Carriers want opex savings but differ in the methods of measurement

June 1, 2003

Market conditions, Wall Street, and increased scrutiny in general have led telecommunications executives to dictate that new optical transport technology must make existing networks more efficient and lower operational expenditures (opex) before they'll consider buying it. The problem for vendors is that no two carriers measure opex the same way.

According to Stu Elby, vice president of network architecture, enterprise technology, at Verizon Communications (New York City), "It is no longer intriguing at all to have some vendor come to me and say, 'If you use my box, it will cost you—in terms of capital spending—half of what you are spending today.' We see that as just the nature of comparing an old embedded technology to a new technology, so those aren't the arguments. The arguments have to be how you are changing the way that I do my business that's going to reduce my operations costs."

"We make decisions based on opex as well as capex [capital expenditures]," says Kathy Tse, district manager for optical transport planning at AT&T Labs (Bedminster, NJ). "We look at things like power cost, footprint, number and type of maintenance actions required, provisioning actions required. Some are easy to put dollar values to, like power costs...Other things are a little more difficult, but you can still look for directional trends."
Network costs represented 28% of the $161 billion in total operational expenses in 2002 for North American incumbent local-exchange carriers and interexchange carriers.

Service providers will have to reduce opex by 32% per year to keep pace with declining revenues, according to RHK (South San Francisco). "What we found is that revenue per bit and capex per bit had declined at roughly the same rate if you exclude the effects of the bubble," explains Shing Yin, senior analyst, telecom economics at RHK. "But opex per bit has not declined by that much. We also looked at our own forecast of traffic revenue, and that pointed to more of a gap on opex."

How is the opex argument won when every carrier and competing vendor is using its own assumptions and calculations to develop business models? "In general, there is quite of bit of skepticism," says Yin. "Vendors must make the business case generic for an average carrier, and there are no two carriers that are that alike, so it is very difficult to come up with a good opex analysis."

Nevertheless, carriers welcome any insights into ways new technology can help lower their network operating costs. "We will consider vendors' spreadsheets to see if they have thought of things that we haven't thought of, but at the end of the day, we are going do our own analysis," explains Jim Jackson, research director at BellSouth (Atlanta).

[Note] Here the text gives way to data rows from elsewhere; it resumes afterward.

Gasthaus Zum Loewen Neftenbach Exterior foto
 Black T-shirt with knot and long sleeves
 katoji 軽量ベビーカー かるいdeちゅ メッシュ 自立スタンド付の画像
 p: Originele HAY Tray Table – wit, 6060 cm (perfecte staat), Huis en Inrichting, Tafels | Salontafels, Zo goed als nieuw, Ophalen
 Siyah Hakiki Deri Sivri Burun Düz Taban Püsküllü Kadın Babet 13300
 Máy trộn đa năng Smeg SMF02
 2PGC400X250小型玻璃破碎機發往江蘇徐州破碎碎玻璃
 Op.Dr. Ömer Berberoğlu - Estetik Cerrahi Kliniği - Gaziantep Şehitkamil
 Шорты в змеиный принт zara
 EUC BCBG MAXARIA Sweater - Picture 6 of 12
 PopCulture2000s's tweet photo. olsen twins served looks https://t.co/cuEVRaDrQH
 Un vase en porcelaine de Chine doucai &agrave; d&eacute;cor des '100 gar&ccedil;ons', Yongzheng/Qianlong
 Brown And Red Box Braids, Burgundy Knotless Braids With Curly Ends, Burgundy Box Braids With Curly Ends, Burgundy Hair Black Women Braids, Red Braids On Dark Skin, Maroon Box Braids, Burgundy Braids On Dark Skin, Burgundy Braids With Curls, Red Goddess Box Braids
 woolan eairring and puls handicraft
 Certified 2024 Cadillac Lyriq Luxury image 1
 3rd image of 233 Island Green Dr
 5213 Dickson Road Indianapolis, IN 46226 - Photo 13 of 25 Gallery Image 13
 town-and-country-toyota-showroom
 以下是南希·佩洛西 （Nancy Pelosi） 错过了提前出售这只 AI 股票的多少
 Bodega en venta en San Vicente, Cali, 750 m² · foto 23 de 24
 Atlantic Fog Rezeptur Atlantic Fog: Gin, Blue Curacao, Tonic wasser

"Initially, we look at the capital costs associated with what we are doing with our embedded vendors," says Jackson, "and then we'll compare that to the cost of the newer, disruptive technologies. The newer players are not really aware of what we're paying today for existing equipment—our embedded vendors are being very aggressive about trying to maintain their business."

Saving labor costs is important at BellSouth—but the savings must be major. "If we can eliminate headcount, then that is something that we'll think about," notes Jackson. "If we eliminate 30 minutes of work to turn up 10,000 circuits, I'm not exactly buying it. We're looking at a cash flow analysis: What does it take to run our business from a capital and expense standpoint?"

Verizon measures its network opex in two general categories—operational support systems and labor costs—which are tracked on a per-circuit (or other unit) basis. "When we think about ways to save operations costs, we think about reducing the systems costs, although that is tough to do because typically we are adding new systems, not subtracting old systems," says Elby. "So it really is, how do you reduce the amount of hands it takes over time to provision a circuit or turn up a network?"

AT&T looks at vendors' analyses, but "the numbers that are in there aren't a huge amount of value to us," says Tse. Like Verizon and BellSouth, AT&T relies on its own modeling. "When someone gives a presentation on the provisioning savings of an all-optical switch, I have to benchmark that versus the capabilities that we have already," she says. "Sometimes there is a big disconnect between what they will be comparing it to and what we have in our network—I still see a lot of presentations where they are comparing things to ADM [add/drop multiplexing] rings. We are beyond ADM rings, so that doesn't really help me."